Filtros de amor. Galería & Ediciones Ginkgo, 1 al 30 de abril 1997, Madrid.

ABC, 1997.

Esta su primera exposición individual madrileña es, creo, las muestra más dura y compleja de las que hasta la fecha ha realizado Txaro Fontalba (Pamplona, 1965). Dura, más por su firmeza que por el hecho manifiesto de que es, entre las últimas suyas, la que menos guiños hace, por mucho que aquellos no fueran nunca guiños de fácil o ingenua complicidad, al espectador. Compleja porque lo evidente se sustrae aquí a lo inmediato y, si se me permite el juego de palabras, se «filtra» plano a plano desde la superficie pintada al ojo.

La iconografía de lo femenino -entendida como género- ha experimentado en el transcurso de los últimos años (digo años, no décadas) una profunda transformación y una multimplicación de sus identidades; definidas ahora por las propias mujeres, que, en muchos casos, se han orientado por fórmulas de representación que eclipsan tanto como rechazan otras precedentes masculinas, a las que califican de «fetichistas».

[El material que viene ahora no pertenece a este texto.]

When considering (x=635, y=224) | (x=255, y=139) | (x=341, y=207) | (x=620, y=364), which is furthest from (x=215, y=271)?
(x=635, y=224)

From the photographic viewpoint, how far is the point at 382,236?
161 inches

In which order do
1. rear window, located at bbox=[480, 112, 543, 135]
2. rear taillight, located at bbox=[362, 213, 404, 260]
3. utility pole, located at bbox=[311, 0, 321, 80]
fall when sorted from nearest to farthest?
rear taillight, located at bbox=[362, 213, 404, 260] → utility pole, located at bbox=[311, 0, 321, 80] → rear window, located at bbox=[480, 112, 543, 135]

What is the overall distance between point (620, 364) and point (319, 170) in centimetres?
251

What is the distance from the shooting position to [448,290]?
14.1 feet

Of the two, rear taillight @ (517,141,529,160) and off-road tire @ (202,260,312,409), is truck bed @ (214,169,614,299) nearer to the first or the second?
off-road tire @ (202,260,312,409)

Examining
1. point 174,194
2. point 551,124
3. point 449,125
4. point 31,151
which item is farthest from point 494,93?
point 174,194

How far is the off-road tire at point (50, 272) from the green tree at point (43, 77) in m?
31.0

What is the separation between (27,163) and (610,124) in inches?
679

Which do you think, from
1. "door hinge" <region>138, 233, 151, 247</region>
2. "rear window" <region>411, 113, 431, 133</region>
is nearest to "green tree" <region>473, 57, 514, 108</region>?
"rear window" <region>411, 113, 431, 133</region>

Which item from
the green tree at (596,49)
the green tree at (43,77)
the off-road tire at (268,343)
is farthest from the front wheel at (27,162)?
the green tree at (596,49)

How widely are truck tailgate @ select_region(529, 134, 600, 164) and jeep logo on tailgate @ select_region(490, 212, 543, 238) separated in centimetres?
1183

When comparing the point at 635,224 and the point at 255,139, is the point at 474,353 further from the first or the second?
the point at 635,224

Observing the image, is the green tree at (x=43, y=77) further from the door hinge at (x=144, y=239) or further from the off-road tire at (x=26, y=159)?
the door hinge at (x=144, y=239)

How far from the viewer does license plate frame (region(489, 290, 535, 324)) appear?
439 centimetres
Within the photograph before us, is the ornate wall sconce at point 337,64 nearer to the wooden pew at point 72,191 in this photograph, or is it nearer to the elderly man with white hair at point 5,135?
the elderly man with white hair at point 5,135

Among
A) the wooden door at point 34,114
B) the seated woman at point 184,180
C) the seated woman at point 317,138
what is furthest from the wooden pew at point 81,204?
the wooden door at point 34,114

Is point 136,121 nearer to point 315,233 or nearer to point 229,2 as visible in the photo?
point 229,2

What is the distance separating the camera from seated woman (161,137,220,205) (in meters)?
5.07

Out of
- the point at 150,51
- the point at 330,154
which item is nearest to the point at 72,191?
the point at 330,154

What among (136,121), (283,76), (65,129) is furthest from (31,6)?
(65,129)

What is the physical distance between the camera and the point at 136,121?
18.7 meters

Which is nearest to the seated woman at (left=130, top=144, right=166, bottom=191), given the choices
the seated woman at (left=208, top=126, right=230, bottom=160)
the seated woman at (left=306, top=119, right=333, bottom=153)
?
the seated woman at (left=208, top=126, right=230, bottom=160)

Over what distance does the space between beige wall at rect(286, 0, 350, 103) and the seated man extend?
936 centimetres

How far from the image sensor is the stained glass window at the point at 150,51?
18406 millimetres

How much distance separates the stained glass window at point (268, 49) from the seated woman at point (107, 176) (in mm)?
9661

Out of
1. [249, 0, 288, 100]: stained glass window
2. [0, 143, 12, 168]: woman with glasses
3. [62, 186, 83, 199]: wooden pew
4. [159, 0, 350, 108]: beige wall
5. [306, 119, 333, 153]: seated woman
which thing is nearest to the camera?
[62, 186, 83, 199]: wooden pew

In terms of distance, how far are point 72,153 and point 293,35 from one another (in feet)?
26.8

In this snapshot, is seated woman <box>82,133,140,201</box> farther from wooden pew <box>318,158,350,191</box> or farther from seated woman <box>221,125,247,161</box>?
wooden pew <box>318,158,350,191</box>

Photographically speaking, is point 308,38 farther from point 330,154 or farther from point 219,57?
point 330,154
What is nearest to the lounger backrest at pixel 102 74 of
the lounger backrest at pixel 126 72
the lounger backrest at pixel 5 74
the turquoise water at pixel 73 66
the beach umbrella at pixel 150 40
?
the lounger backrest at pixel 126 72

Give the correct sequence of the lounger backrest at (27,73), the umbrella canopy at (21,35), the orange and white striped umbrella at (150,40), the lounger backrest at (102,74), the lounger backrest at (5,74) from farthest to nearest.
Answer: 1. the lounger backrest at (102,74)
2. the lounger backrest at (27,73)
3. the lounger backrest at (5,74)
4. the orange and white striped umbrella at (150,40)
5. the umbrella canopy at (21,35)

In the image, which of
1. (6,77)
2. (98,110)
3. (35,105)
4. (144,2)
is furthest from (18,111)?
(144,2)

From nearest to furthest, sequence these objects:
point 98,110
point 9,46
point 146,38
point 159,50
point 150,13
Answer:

En el caso de Txaro Fontalba, desde sus primeras obras, hay una preferencia explícita tanto por ciertos elementos corporales o anatómicos -especialmente el rostro, que entiende como un territorio sembrado de agujeros, de posibles aperturas-, como por los tractos -la laringe, los pulmones y sus conexiones, la vulva y su cima en el útero-, conexiones y filtros que propician una ósmosis de significados que, más allá de la pura objetualización del cuerpo, que la artista no rehuye, reclama la individuación y el reconocimiento de una identidad propia.

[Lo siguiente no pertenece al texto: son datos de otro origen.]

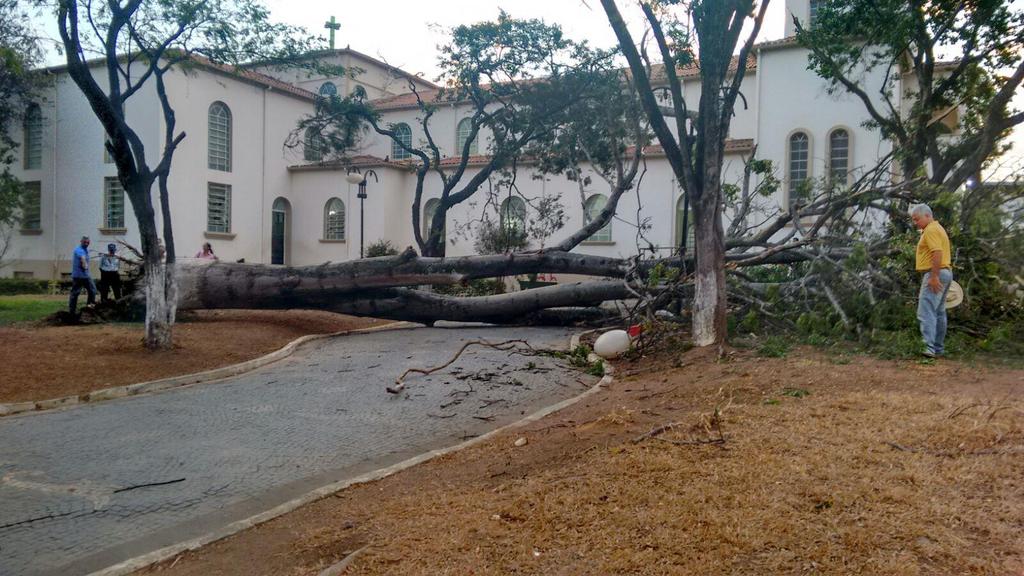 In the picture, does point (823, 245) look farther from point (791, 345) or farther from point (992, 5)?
point (992, 5)

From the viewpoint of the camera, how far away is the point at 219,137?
28.0 meters

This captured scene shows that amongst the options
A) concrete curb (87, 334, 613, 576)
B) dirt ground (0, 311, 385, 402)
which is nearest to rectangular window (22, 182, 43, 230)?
dirt ground (0, 311, 385, 402)

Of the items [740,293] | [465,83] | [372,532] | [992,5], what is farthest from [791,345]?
[465,83]

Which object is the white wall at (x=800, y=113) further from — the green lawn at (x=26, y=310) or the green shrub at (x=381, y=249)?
the green lawn at (x=26, y=310)

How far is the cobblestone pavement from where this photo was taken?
15.2 feet

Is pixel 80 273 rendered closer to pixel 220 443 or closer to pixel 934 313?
pixel 220 443

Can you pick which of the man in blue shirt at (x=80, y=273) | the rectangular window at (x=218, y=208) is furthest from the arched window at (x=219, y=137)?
the man in blue shirt at (x=80, y=273)

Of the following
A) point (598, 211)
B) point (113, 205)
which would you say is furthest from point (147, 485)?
point (113, 205)

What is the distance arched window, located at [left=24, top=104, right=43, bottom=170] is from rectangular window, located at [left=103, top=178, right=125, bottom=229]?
3318 mm

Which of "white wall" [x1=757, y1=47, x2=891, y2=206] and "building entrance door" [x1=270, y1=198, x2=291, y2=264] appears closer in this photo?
"white wall" [x1=757, y1=47, x2=891, y2=206]

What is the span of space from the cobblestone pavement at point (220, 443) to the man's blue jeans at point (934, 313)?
3727mm

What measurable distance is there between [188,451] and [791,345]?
21.6ft

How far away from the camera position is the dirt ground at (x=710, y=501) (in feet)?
11.0

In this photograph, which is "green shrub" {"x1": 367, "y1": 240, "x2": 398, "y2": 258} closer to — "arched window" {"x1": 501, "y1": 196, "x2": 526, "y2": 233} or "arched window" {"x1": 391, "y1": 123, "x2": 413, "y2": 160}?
"arched window" {"x1": 391, "y1": 123, "x2": 413, "y2": 160} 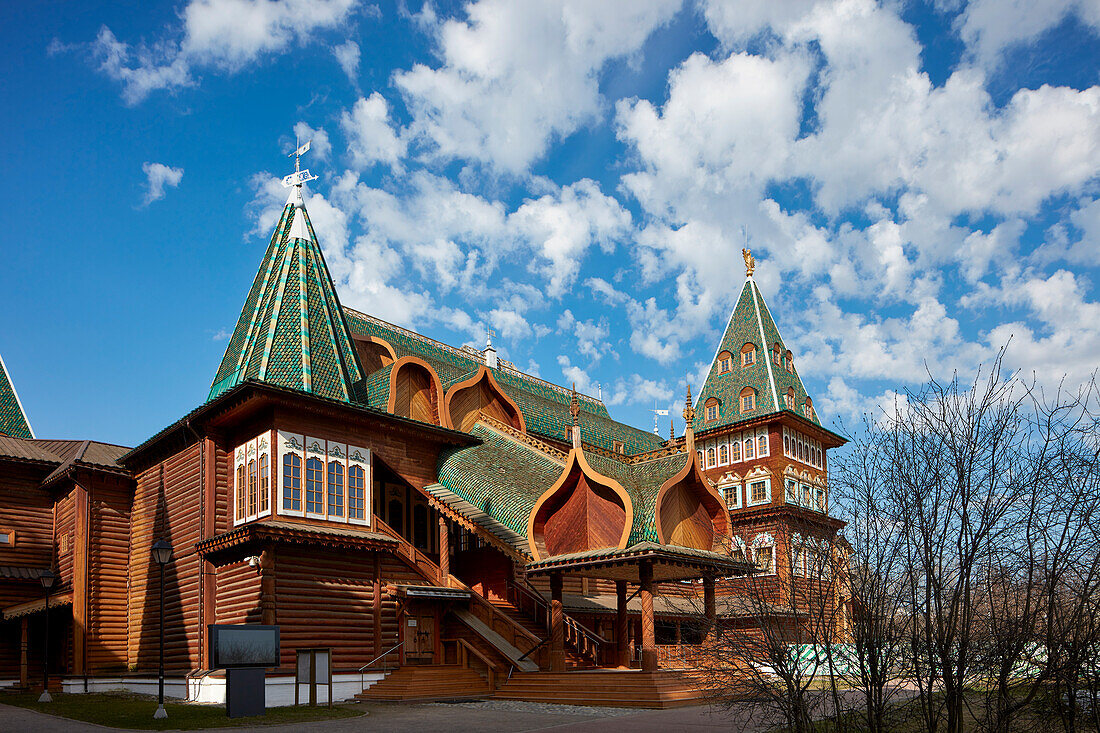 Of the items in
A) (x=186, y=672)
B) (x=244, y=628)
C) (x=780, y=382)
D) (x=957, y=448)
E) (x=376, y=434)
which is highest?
(x=780, y=382)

La ha resuelto además en una nítida línea formal que empezó con cierta lectura «templada» de la escultura de Oteiza, a la que ha añadido, desprendiéndose del modelo, sus cualidades de dibujante, capaz de analizar y revelar los elementos estructurales de la imagen elegida, y un uso del collage -tanto en su posible vertiente objetual escultórica, como en la superficie plana- que más que un recurso es, en sus manos, un sistema específico de entramar su pensamiento plástico, que le permite combinar figuras y encarnaciones procedentes de campos semánticos extremadamente dispersos.

Hay, además, un nexo entre objetos-cuerpo y palabra, muy evidente en los títulos y en los textos de una artista que se explica más que bien, y que usa de un sentido del humor más que de la explotación de la queja, como pieza de resistencia para sus provocaciones.

En los dibujos y piezas ahora expuestos -en apariencia mucho más próximos a la pintura que a la escultura- la superposición de imágenes en planos referentes individuales proporciona una imagen otra, nada humorística por cierto, en la que predominan los colores sanguíneos, el rojo y el azul -que así aparecen en su representación gráfica arterias y venas y así al menos se nos filtra el tinte de la sangre a través del coladero de la piel-, en los que importa más la textura que la pincelada, más la materialidad de los pigmentos, cortes y superficies que el gesto. Mantienen, sin embargo, una firmación de la artista respecto a sus obras precedentes: son constructoras del sujeto, del yo o de su fragmentación.